BEGIN INPUT RECORDS
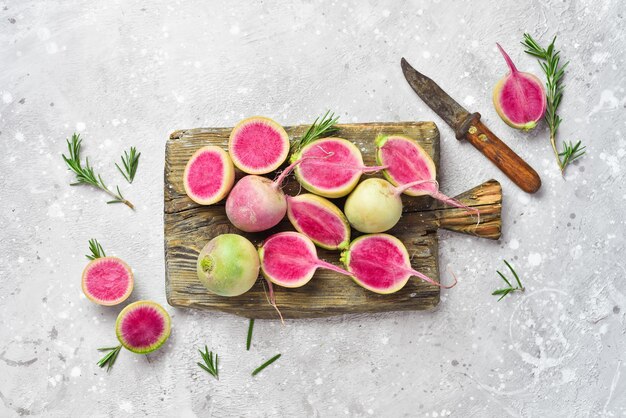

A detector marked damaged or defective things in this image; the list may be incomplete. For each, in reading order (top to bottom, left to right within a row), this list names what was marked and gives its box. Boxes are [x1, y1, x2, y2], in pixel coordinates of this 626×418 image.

rusty blade [400, 57, 468, 131]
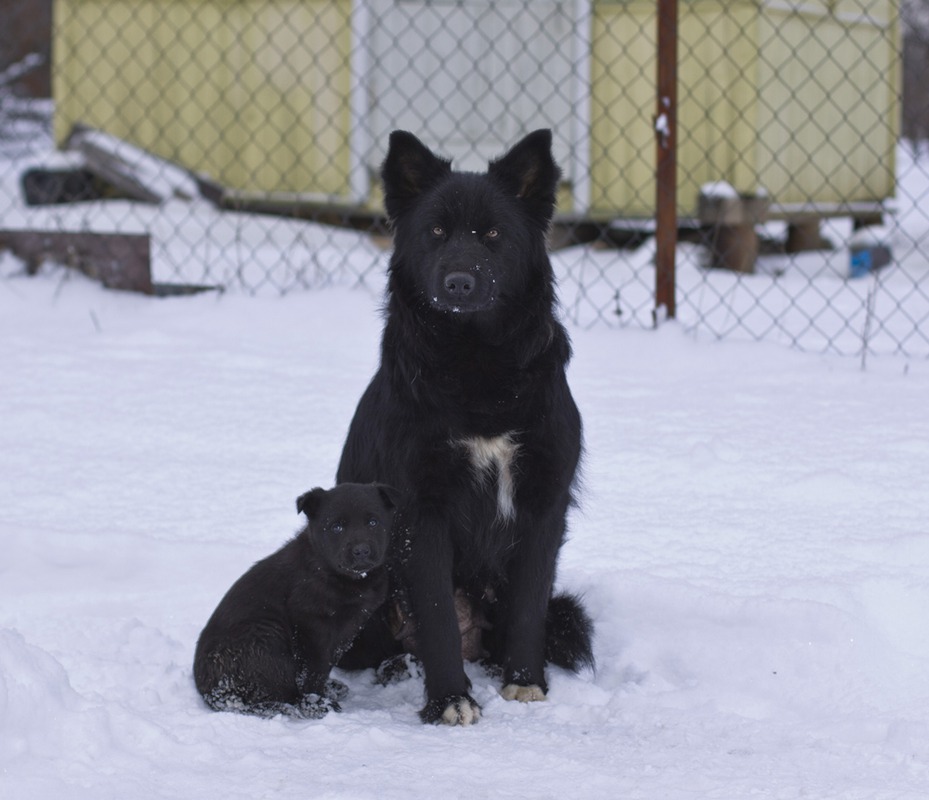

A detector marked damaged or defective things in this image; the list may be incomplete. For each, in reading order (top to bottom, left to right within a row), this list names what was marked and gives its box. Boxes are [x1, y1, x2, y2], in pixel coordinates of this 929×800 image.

rusty metal pole [656, 0, 676, 322]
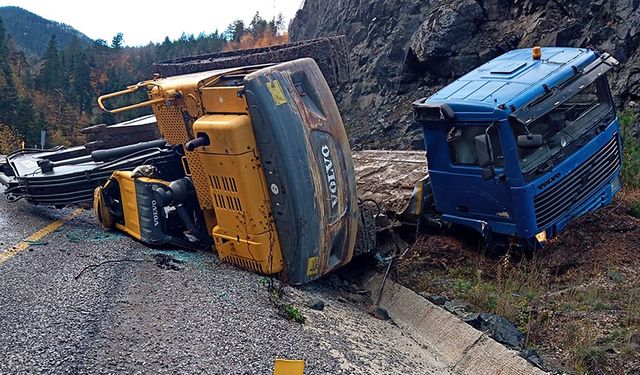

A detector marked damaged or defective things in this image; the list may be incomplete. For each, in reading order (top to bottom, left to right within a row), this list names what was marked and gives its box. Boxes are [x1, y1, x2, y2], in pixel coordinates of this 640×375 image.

detached truck component [99, 58, 360, 284]
detached truck component [412, 48, 624, 248]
END INPUT RECORDS
BRIEF:
If an entry holds a picture, leave that picture out, and transcribe the rest of the listing above exactly.

RESPONSE TO THIS EXERCISE:
A detector marked damaged or defective things in this image; the list may be incomplete. For each, in reading order (top to bottom, left to right within a row), this list names what was marked and gives its box. Boxes are [x1, y1, x2, y2], in pixel coordinates of this 626×418 image.

rusty blade [400, 57, 468, 131]

A detector marked damaged or defective things in this image; the list may be incomplete. For each, in reading order (top to bottom, left to right within a row), this list names what was marked and gives its box. Boxes are [x1, y1, x2, y2], in pixel coordinates of this 929×800 image.

rusty metal pole [656, 0, 676, 322]

A detector marked damaged or defective things in this image; the list may be incomplete. For each, in reading order (top to bottom, left to right within a row), this list names what was marked and gives its box. Boxes are [x1, y1, x2, y2], in pixel coordinates of this 640×375 image.

detached truck component [99, 58, 360, 284]
detached truck component [412, 48, 624, 248]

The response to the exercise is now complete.